A couple of weeks ago I had a weak 5-frame nuc abscond. When I opened it up, I saw a layer of SHB larvae in the solid bottom board: they could not get out because of a robber screen. I also saw slimed frames such as the one in your photo. I fired up the grill with some pine straw and scraped all the larvae on the bottom board on it: very satisfying. In addition, I froze those frames and eventually I will give them to a strong hive a few at a time to clean them up. I would think that your hive will soon abscond, and if not, that they are queenless.
Stavros


----------



## JRG13 (May 11, 2012)

Looks like SHB larve, but hard to tell from the pic, maybe wax moth or both.


----------



## Lt Dan (May 15, 2012)

When I opened the hive . I today there were SHB running all over the place. So I scraped all the larvae off the bottom board into a fire then reassembled the hive with the least affected frames and put the rest in the freezer.
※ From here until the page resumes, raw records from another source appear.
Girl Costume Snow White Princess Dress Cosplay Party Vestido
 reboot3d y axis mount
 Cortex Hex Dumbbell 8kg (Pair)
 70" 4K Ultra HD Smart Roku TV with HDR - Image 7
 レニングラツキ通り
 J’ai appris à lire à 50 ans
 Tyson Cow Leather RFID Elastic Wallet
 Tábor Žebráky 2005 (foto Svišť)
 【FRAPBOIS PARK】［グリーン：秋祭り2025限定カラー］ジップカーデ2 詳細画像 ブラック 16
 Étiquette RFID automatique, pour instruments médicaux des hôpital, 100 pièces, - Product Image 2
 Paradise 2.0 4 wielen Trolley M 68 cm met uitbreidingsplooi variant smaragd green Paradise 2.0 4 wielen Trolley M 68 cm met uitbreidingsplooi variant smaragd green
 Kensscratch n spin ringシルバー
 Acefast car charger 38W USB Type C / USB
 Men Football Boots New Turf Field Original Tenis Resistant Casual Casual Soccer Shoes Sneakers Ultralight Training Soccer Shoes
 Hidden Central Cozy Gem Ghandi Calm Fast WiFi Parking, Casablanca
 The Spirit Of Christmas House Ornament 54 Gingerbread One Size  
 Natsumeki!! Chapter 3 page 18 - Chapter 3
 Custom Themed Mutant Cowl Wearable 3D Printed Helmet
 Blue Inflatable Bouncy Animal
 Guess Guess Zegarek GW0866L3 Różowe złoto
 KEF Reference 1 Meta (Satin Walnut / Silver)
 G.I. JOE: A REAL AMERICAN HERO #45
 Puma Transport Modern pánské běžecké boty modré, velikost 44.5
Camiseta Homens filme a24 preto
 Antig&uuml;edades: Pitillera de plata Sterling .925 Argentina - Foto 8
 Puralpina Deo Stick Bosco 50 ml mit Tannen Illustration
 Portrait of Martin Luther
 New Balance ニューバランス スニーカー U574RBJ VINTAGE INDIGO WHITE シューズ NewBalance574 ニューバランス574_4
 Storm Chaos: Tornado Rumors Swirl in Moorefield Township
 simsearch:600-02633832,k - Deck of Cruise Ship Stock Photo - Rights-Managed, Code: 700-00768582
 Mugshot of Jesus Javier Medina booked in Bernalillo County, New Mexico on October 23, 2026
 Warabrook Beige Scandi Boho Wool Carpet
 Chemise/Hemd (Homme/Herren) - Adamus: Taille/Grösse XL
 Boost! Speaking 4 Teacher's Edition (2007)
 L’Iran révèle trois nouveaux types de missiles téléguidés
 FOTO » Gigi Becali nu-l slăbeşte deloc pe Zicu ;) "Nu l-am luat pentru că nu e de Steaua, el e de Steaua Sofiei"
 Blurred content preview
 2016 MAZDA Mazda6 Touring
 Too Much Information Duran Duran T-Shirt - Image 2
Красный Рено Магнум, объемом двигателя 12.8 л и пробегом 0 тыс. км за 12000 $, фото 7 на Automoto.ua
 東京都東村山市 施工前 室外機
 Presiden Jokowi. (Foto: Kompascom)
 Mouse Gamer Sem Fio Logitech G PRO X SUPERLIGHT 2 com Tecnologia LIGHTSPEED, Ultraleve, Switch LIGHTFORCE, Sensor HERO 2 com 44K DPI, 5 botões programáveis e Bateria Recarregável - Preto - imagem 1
It is back down to 5 frames but it looks like less bees than the package that started it and I see no queen and no eggs or brood. I think I have lost this one.


----------



## AstroBee (Jan 3, 2003)

Definitely SHB. I agree, sounds like the bees lost this fight. You need to assess whether you still have a queen. Even so, without immediate infusion of more bees this small hive may still not make it. Small colonies at this time of year in the south are a BIG challenge. The goal is to get your bees built up ahead of the SHB so that they can adequately defend themselves as populations of SHB rise in late summer.


----------



## Beewildered61 (Apr 5, 2012)

I just lost one hive around July 4th to SHB  The queen lived and they went to a limb for a few days before disappearing...
I immediately bought a Freeman beetle trap, and there are many dead beetles in it every time I check it. I can stand by the hive entrance in the evening and watch several SHB flying around the hive trying to get in. Of course I snatch them out of the air and kill them if at all possible. I HATE SHB with a passion, hopefully I learned my lesson, it will be a cold day down under before I let them get another of my hives.


----------